Political analysts highlighted the atrocities US soldiers and military contractors committed in Iraq, stressing that these events had evidently undermined the faith of the Arab people in Western democratic values and were used as rallying cries for radical Islamist recruiters.
In 2004 it was revealed that US soldiers from the 372nd Military Police Company and American intelligence personnel had brutally tortured Iraqi detainees in Abu Ghraib, an Iraqi prison. The American military police guards were using such torture practices as "breaking chemical lights and pouring phosphoric liquid on detainees; [stitching] the wound of a detainee who was injured after being slammed against the wall in his cell; sodomizing a detainee with chemical light," etc., the New Yorker reported in an article, "Torture at Abu Ghraib," that was published on May 10, 2004.
Although those who were responsible for the Abu Ghraib atrocities were punished, there were other cases of torture and mistreatment in Iraq, experts say. The American military and its private contractors are accused of having intimidated, injured and murdered Arabs. According to the Wikileaks' disclosure of the "The Iraq War Logs" in 2010, covering the time period from 2004 to 2009, over 60 percent of deaths caused by war and US occupation of Iraq were peaceful civilians.
In June 2014, Time reported on the abandoned investigation of Blackwater's mission in Iraq in an article, "Alarms Were Sounded on Blackwater Well Before the 2007 Iraq Shooting." The media source emphasized that the military contractors lacked oversight and enjoyed impunity, citing government investigator Jean C. Richter, as saying: "The management structures in place to manage and monitor our contracts in Iraq have become subservient to the contractors themselves."

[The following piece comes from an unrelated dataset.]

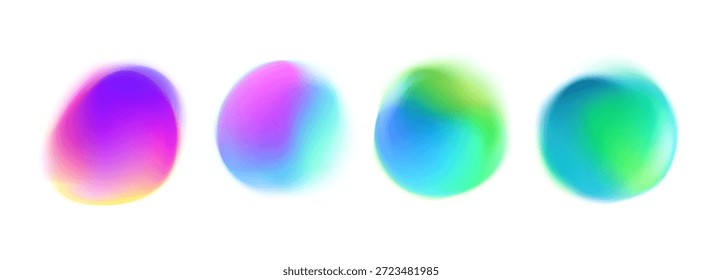 Conjunto de gradientes orgánicos abstractos con transiciones de color vibrantes que incluyen rosa, púrpura, azul, verde y cian sobre un fondo blanco limpio.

Efforts to conduct a thorough investigation into Blackwater’s activities repeatedly faced opposition from US Embassy officials in Iraq, who sided with Blackwater’s top management. Eventually, the tragic events in Baghdad in September 2007, when the contractors killed 17 civilians and injured 20 others in Nisour Square, led to termination of Blackwater's mission in Iraq. Time noted that the Nisour Square shooting had allegedly influenced the decision of PM Nouri al-Maliki to reject the US-Iraqi treaty, "that would have allowed American troops to remain in the country after 2011."
"Since the end of the Second World War, American political leaders and opinion-makers have led the public to believe that the aggressive use of overt and covert military force are essential tools of US foreign policy," wrote Nicolas J. S. Davies, an American author, in his article "10 Years After the Invasion: America Destroyed Iraq But Our War Crimes Remain Unacknowledged and Unpunished," published in 2013.
Referring to the mistakes of the past, experts are warning Washington to avoid another large-scale military operation, claiming that such an approach will ultimately plunge the region into chaos.